Seehofer hatte im März der "Bild" gesagt: "Der Islam gehört nicht zu Deutschland. Deutschland ist durch das Christentum geprägt." Die hierzulande lebenden Muslime gehörten aber "selbstverständlich" dazu. Daraufhin war eine kontroverse Debatte entbrannt, in deren Verlauf sich nicht nur der Koalitionspartner SPD, sondern auch Kanzlerin Angela Merkel (CDU) klar von Seehofers Aussage distanziert hatten.

Habeck bewertete die Wirkung von Seehofers Aussage als verheerend. "Das Signal, das so an Menschen mit unterschiedlichen Wurzeln gesendet wird, ist fatal. Denn sie spüren genau, wie sie in unserem Land immer stärker ausgegrenzt und stigmatisiert werden."

Einer Umfrage zufolge bewerten zwei Drittel der Bundesbürger die öffentliche Kritik an Özil nicht als rassistisch motiviert. Das ergab eine Erhebung des Meinungsforschungsinstituts Civey, aus der die "Augsburger Allgemeine" (Donnerstag) vorab zitierte. 66,6 Prozent der ausgewählten Bürger beantworteten eine entsprechende Frage demnach mit "eher nein" oder "nein, auf keinen Fall".
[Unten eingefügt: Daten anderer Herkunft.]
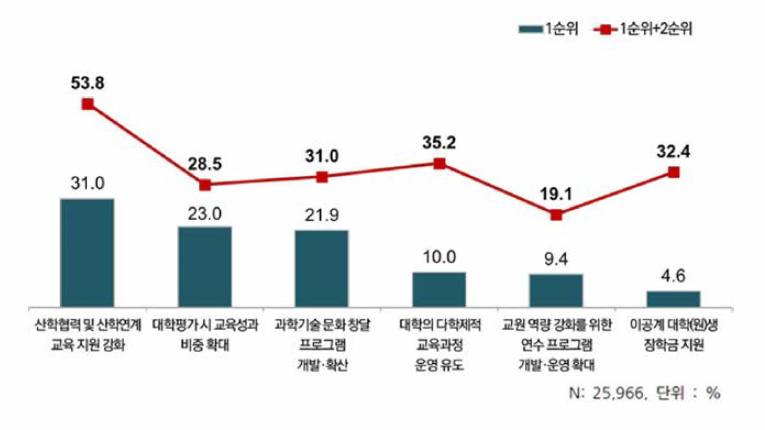 신입과학기술인력의 수준/기술 향상을 위한 정부 요구사항 우선순위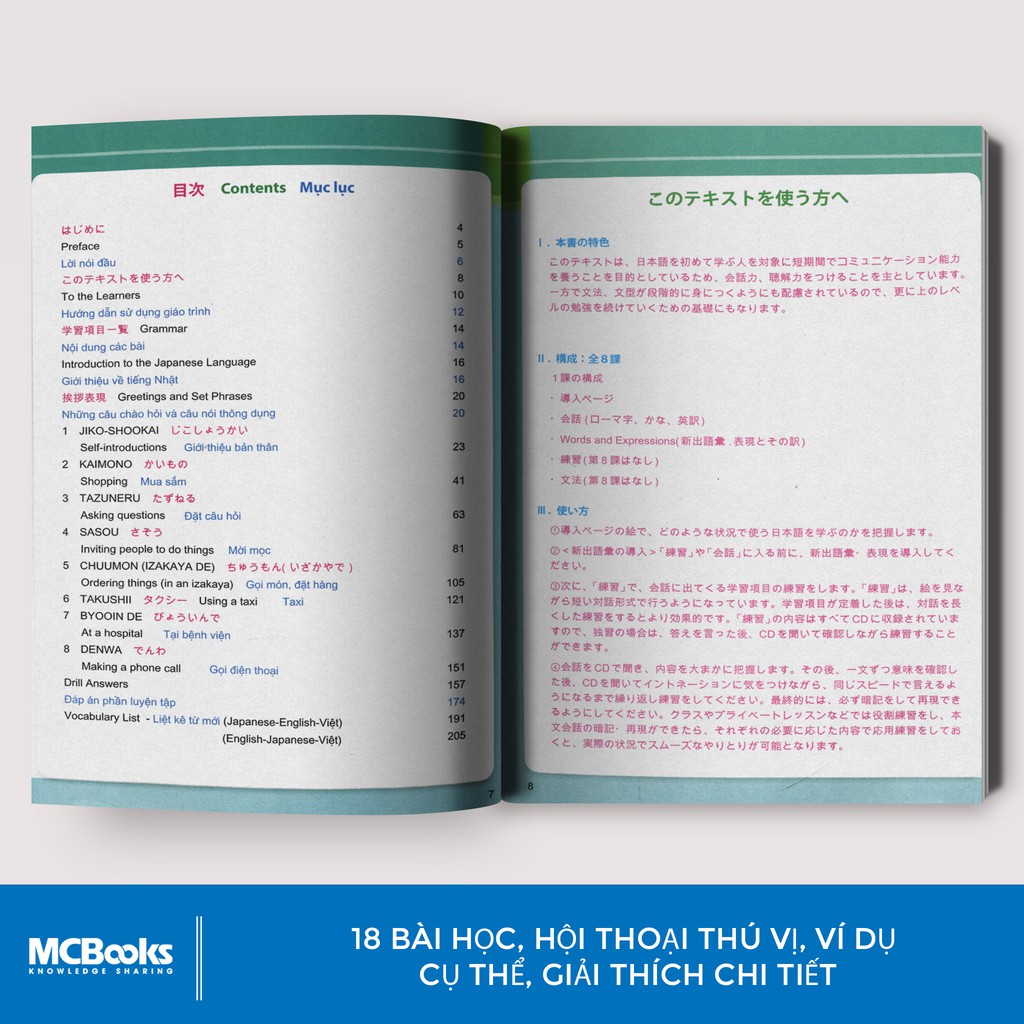 Sách - Hội Thoại Giao Tiếp Tiếng Nhật Dành Cho Người Tự Học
Weniger als ein Drittel (28,7 Prozent) der Menschen glaubt hingegen, dass die öffentliche Kritik an Özil auch einen rassistischen Hintergrund habe. Runtergebrochen auf die Wähler einzelner Parteien sehen vor allem Sympathisanten der AfD (87,9), der FDP (76,3) und von CDU und CSU (74,3) keine rassistischen Motive.